Previous posts have discussed the president's pardon power.
From a U.S. prison cell, Honduras' ex-president secured a likely pardon for drug trafficking thanks to a letter he penned praising President Trump — whom he called "Your Excellency" — and a persistent lobbying campaign by longtime Trump pal Roger Stone.
Why it matters: The surprise announcement of Juan Orlando Hernandez's looming pardon is a window into the unorthodox, norm-shattering way Trump grants clemency.
Driving the news: Trump announced Friday that he planned to pardon Hernandez ahead of Sunday's elections in Honduras, where the White House backed the right-wing National Party that Hernandez led as president from 2014-2022.National Party candidate Nasry "Tito" Asfura is narrowly leading a center-right candidate as votes are being counted in a three-way race, according to the BBC.

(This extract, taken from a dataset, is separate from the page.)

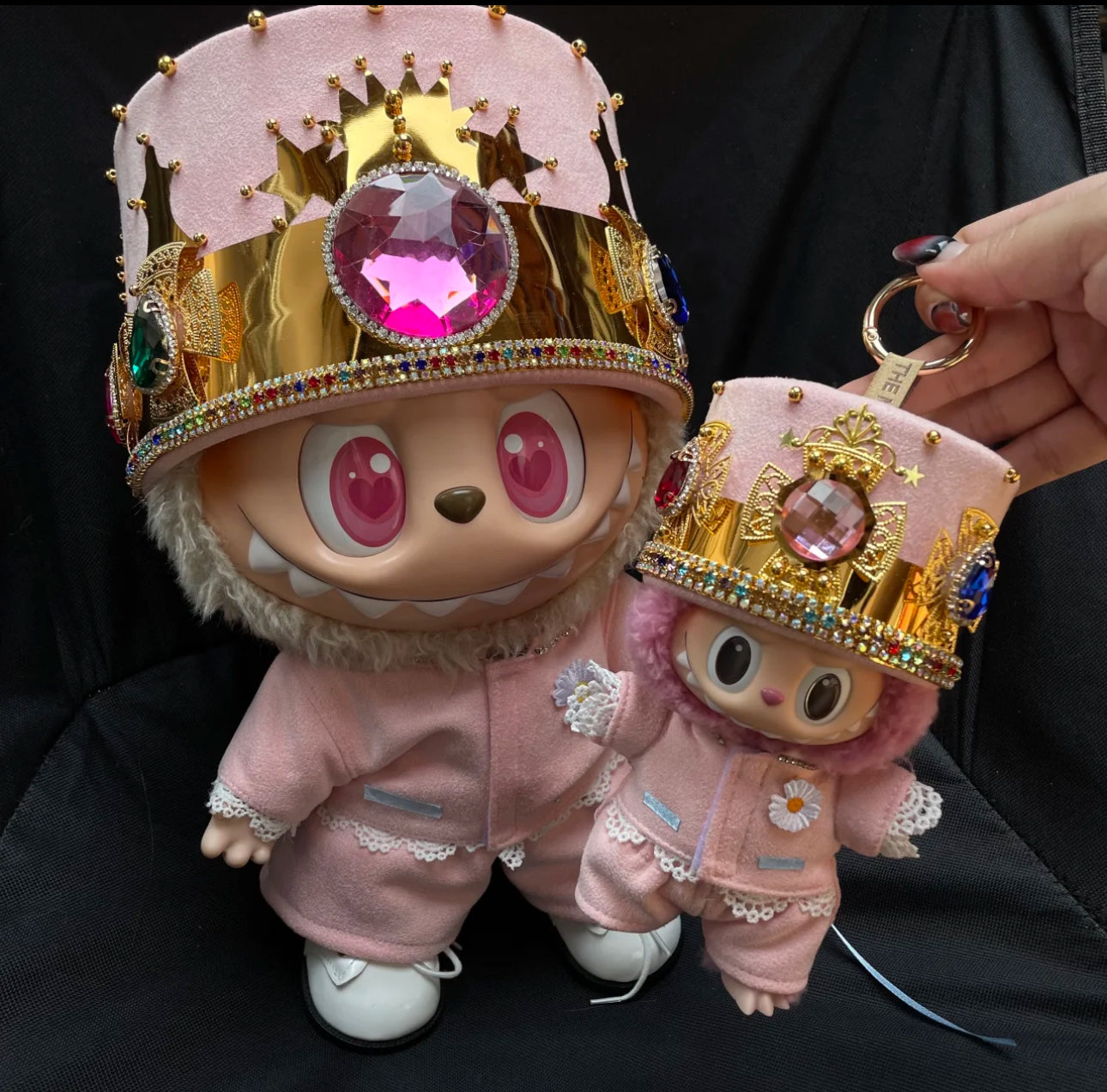 Two Labubu figures wearing pink outfits with a crown, designed to look like a Kpop G-Dragon inspired outfit.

Zoom in: Shortly after Trump took office in January, Stone wrote three separate Substack posts calling for the pardon of Hernandez, who was indicted the day he left office in 2022 and extradited to the U.S. to face cocaine-trafficking and weapons charges.
Stone cast Hernandez as a victim of leftist "lawfare" in Honduras and in President Biden's administration.Stone told Axios that on Friday he reached out to Trump and reiterated those points. Stone claimed a pardon announcement would energize the National Party and called Trump's attention to Hernandez's four-page letter begging for clemency.
Hours later, at 4 p.m., Trump posted on Truth Social that he'd endorse Asfura. Less than 20 minutes later, he posted that he'd pardon Hernandez.
"It was a Biden setup," Trump told reporters Sunday about the case against Hernandez, who's serving a 45-year sentence.
Except that the first Trump administration launched the Hernandez investigation:
Jonah E. Bromwich at NYT:When President Trump pardoned the former leader of Honduras this week, he erased the crowning achievement of years of work by one of his own former criminal defense lawyers and top Justice Department officials, Emil Bove III.
Mr. Bove, a firm believer in the prerogatives of executive power, became known for defending Mr. Trump against several prosecutions, and his profile rose further when, at the Justice Department, he oversaw the firing of dozens of prosecutors and F.B.I. agents Mr. Trump perceived as enemies. In May, the president nominated him as a federal appeals court judge and the Senate confirmed him in July.
But before that, Mr. Bove was a hard-charging prosecutor in Manhattan bent on convicting members of a Honduran drug-trafficking conspiracy.
From 2015 to when he left the job in 2021, Mr. Bove helped lead the investigation that identified Honduras as a key conduit for cocaine shipments into the United States. The inquiry revealed the violence that had cleared a pathway for the drugs through Honduras, as the country’s officials mowed down anyone who sought to thwart them. And it ultimately led to the conviction in 2024 of President Juan Orlando Hernández, who prosecutors said had been at the center of the conspiracy.